O Copyright Act 1968 (Cth) (Copyright Act) divide o material de copyright em:

  • ‘obras’ (ex. obras literárias, artísticas, dramáticas e musicais)
  • ‘obras’ (filmes, emissões, gravações sonoras e edições multimédia e publicadas).

De acordo com a lei australiana de direitos de autor, os direitos morais são direitos pessoais que se relacionam com ‘autores’ de ‘obras’ e ‘filmes’. Os direitos morais incluem os direitos pessoais dos executantes de performances ao vivo e gravadas.

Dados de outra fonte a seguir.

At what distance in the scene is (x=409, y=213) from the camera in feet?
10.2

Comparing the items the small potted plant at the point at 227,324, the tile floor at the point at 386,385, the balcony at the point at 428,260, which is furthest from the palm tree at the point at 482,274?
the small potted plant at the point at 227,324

Eles não podem ser transferidos para outra pessoa ou organização. Os direitos morais surgem automaticamente em obras protegidas por direitos autorais (obras literárias, dramáticas, musicais ou artísticas) e outros assuntos que não sejam obras (incluindo filmes), mas existem separadamente dos direitos autorais. Os direitos morais dos artistas intérpretes ou executantes não são aqui abrangidos.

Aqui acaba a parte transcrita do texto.